Text to Speech with Multiple Voices — Complete Multispeaker Guide (Fish Audio)
Single-voice TTS sounds flat for dialogues, audiobooks, and podcasts. This guide shows you how to find and organize voices on Fish Audio, then use multispeaker in TTS and Story Studio to produce natural, multi-character audio — without traditional voice recording workflows.
March 2026 | Fish Audio Multispeaker TTS is now available on S2 Pro
Table of Contents
- What Is Multispeaker Text to Speech?
- Step 1 — Find the Right Voices with Discovery
- Step 2 — Multispeaker in Text to Speech
- Step 3 — Multispeaker in Story Studio
- TTS vs Story Studio — Which Should You Use?
- Use Cases — What Can You Make with Multispeaker TTS?
- From Script to Audio — In One Session
- FAQs About Multispeaker TTS
Most text-to-speech tools give you one voice.

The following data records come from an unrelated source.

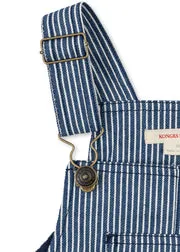 Konges Sløjd Luc tuinbroek blue stripe biokatoen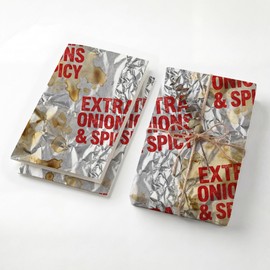 SHSEEN Tin Foil Food Wrapper Wrapping Paper, 19.6 x 27.5 in, 2 Sheets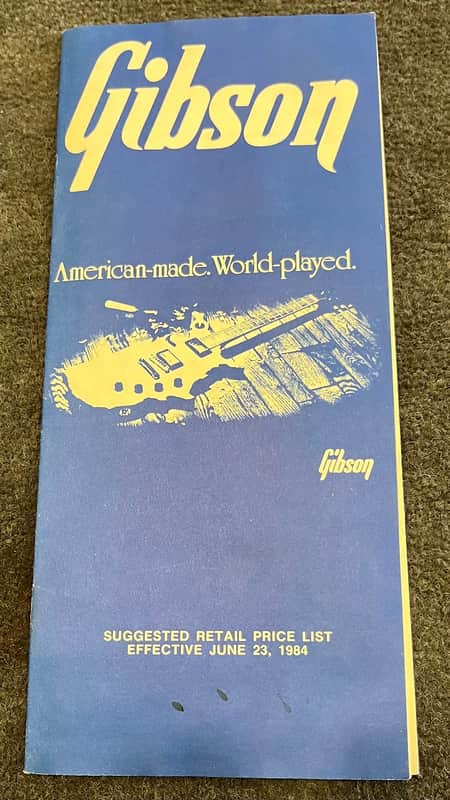 Gibson Price list  1984 image 1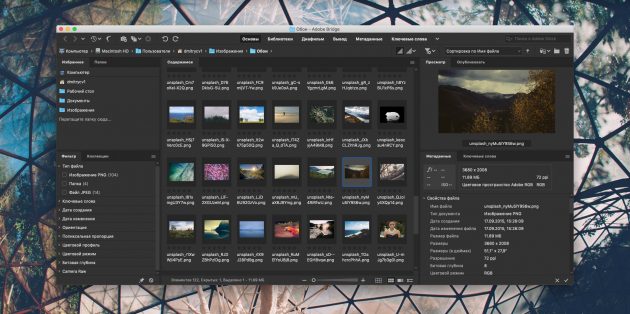 Как организовать коллекцию фотографий: Adobe Bridge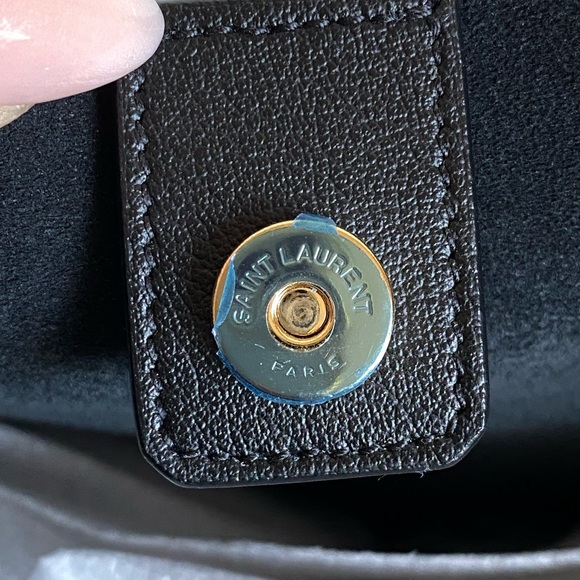 EUC YSL Saint Laurent East West Supple Leather Shopping Tote Black - Picture 14 of 14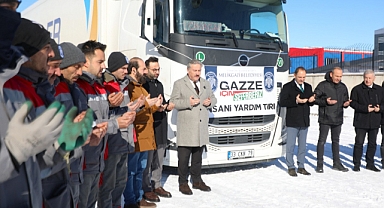 Melikgazi’den Gazze’ye Yardım Tırı Uğurlandı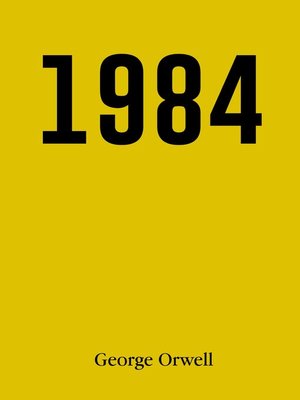 cover image of 1984 (English Edition)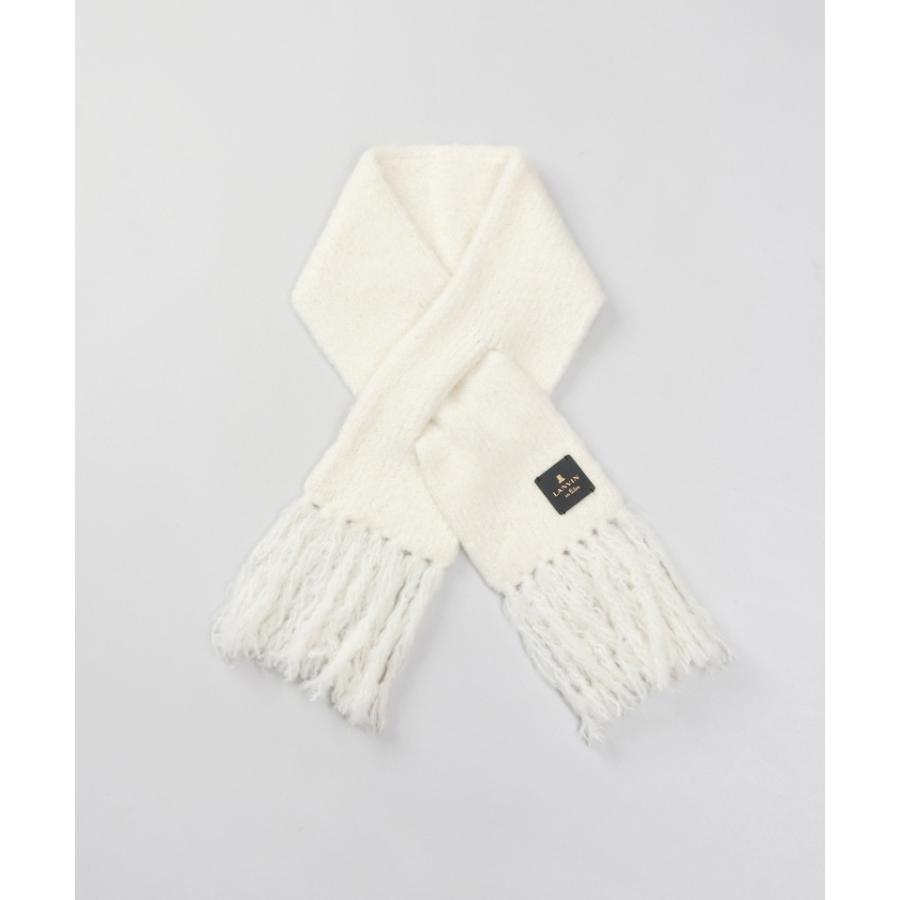 LANVIN en Bleu 【 （ランバン オン ブルー）】モコモコ差込みマフラー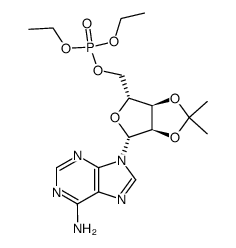 Diethyl 2',3'-O-isopropylideneadenosine 5'-phosphate Structure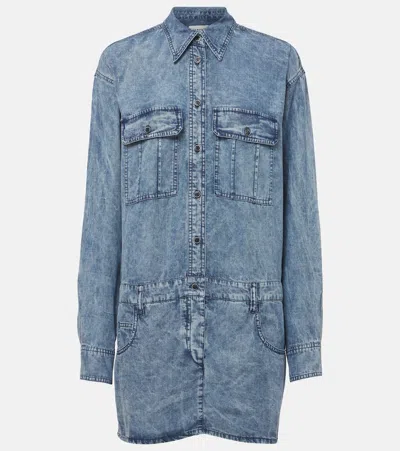 Isabel Marant Étoile Palvina Denim Shirt Dress In Blue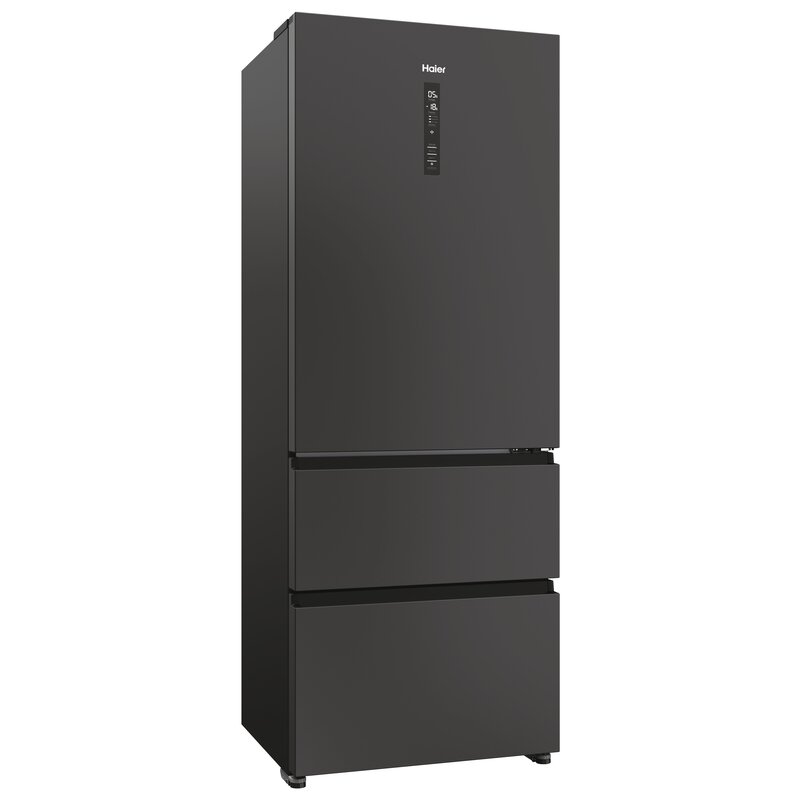 Haier Seria 5 HTR5719ENPT Pełny No Frost 190cm Komora świeżości Czarny łupkowy
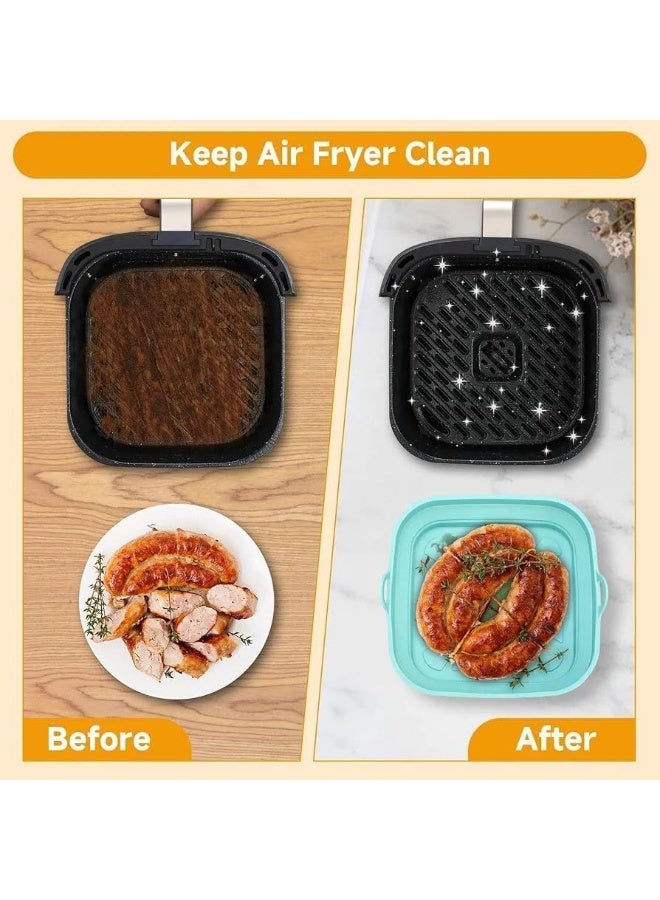 Generic valueable 1 Non Stick Air Fryer Silicone Tray 24 cm Reusable Cooking Basket - Heat Resistant Foldable Baking Liner for Ovens Air Fryers Cakes Cookies Chicken and... - Image 2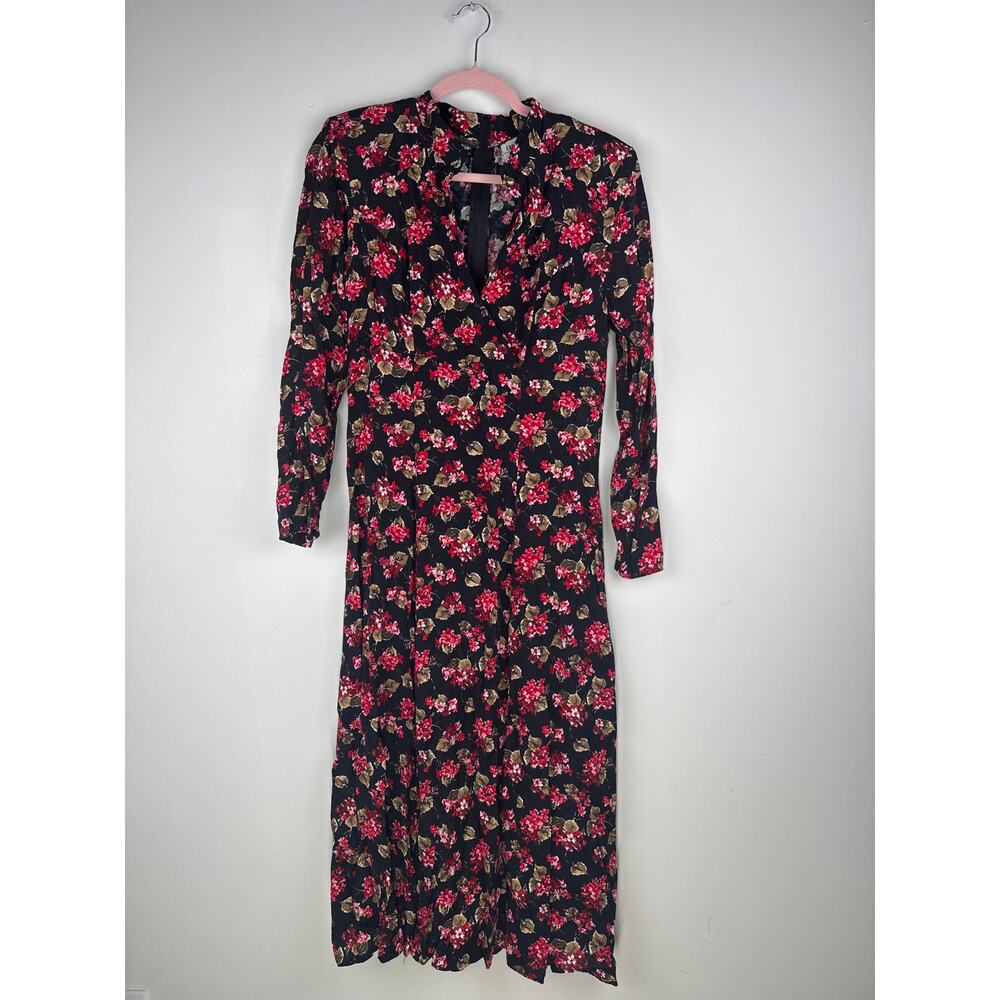 Vintage Caroline Wells Floral Midi Dress Sz.10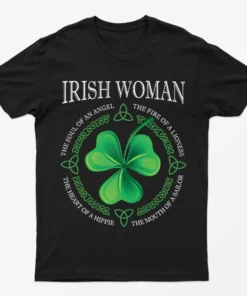 Black Irish Women Graphic T-Shirt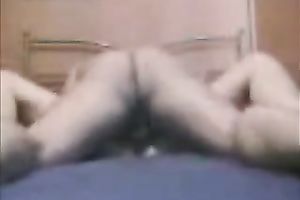 My concupiscent white women wanted to try out the rod of my buddy in her muff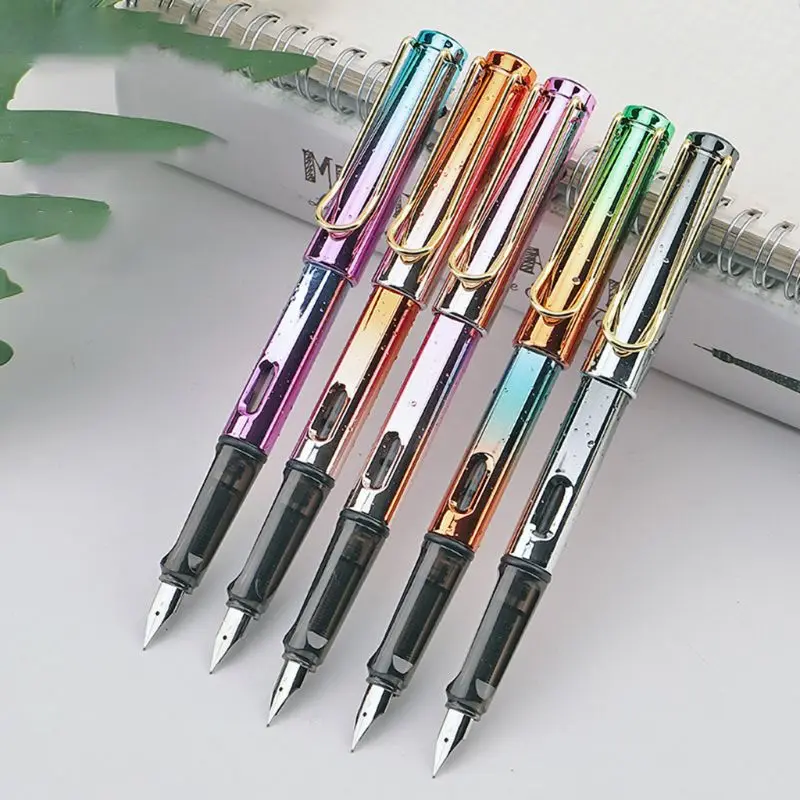 High quality Water Drop Gradient Fountain Pen Business Student 0.38mm Extra Fine Nib Fashion Office Supply Writing Tool
High quality Water Drop Gradient Fountain Pen Business Student 0.38mm Extra Fine Nib Fashion Office Supply Writing Tool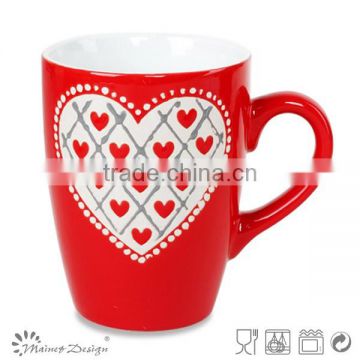 Factory direct wholesale silk screen coffee cup and bowl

One narrator. One tone, from start to finish. For a single-speaker explainer, that works fine. But the moment your script involves two characters talking, a host and a guest, or a story with distinct roles — a single voice turns dialogue into a flat, monotonous read-through. Listeners disengage fast.
Text to speech with multiple voices solves this. Assign a different AI voice to each speaker, control the timing between them, and the result is a conversation that actually sounds like one. Fish Audio functions as a complete text to speech dialogue generator — covering everything from voice discovery to multi-chapter exports. This guide walks you through the full workflow: how to discover and organize voices, how to use multispeaker in the Text to Speech tool for shorter content, and how to scale up to full productions in Story Studio.
What Is Multispeaker Text to Speech?
Multispeaker text to speech is a TTS workflow where different segments of a script are assigned to different AI voices — each with its own tone, gender, age, and speaking style — and then generated as a single, continuous audio output.
Traditional TTS tools are built around a single narration model: one voice, one text input, one audio file. That design works for audiobook narration with a single narrator, voiceovers, or announcements. It breaks down entirely for anything involving dialogue. To produce a two-character conversation with legacy tools, you'd generate each speaker separately, then manually stitch the audio together in an editor — adjusting timing, matching loudness levels, and hoping the transitions don't sound like two different recordings.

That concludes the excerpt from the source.